Well, that's what it should be called. The No Taxpayer Funding for Abortion Act is under consideration again this year.
First of all, the Hyde Amendment has been used in various forms both legislatively and via executive order to prevent federal funds from being used to provide abortion services. This proposed legislation does nothing to change that. But it will have a huge effect on private insurance. This bill denies insurance-related tax credits only for small businesses that choose health plans that cover abortion. The data is a bit dated, but something like 87% of private health plans cover abortion. Since the tax break would go away for small businesses they would be less likely to offer those plans, which could cause insurance providers to quit offering coverage for abortion and force women to suck it up or buy additional insurance elsewhere if they can.

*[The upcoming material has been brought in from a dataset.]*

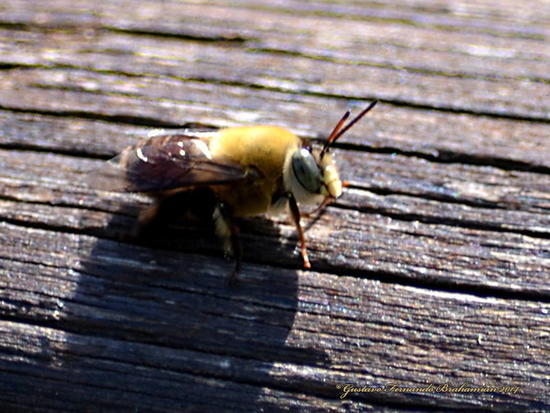 Abeja solitaria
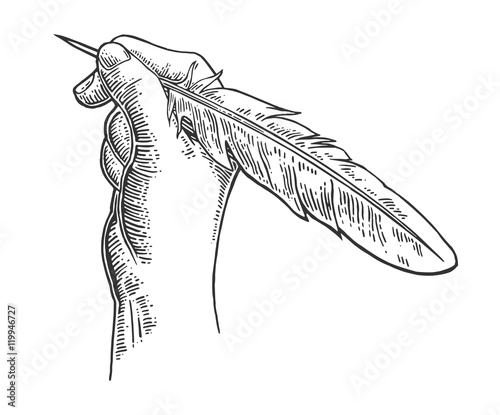 Female hand holding a goose feather. Vector black vintage engraving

Consequently, it makes getting an abortion more difficult, which is the intent.
This tax credit loss is easily a tax increase by Republican party standards. For some reason this tax increase is not applied to big businesses. Setting aside for a moment that corporations are people and probably don't need access to abortion services and that corporations are huge contributors to election campaigns, I'm sure there's a good reason for not including them.
Compare the list of cosponsors with the list of representatives who pledged to never raise taxes and you'll find quite the overlap.
Cathy McMorris Rodgers is not a cosponsor of the bill, but she does oppose tax increases no matter what form they may take. Yet for some strange reason I don't expect to hear her loudly voicing her opposition to this bill. If that seems unreasonable of me, I apologize.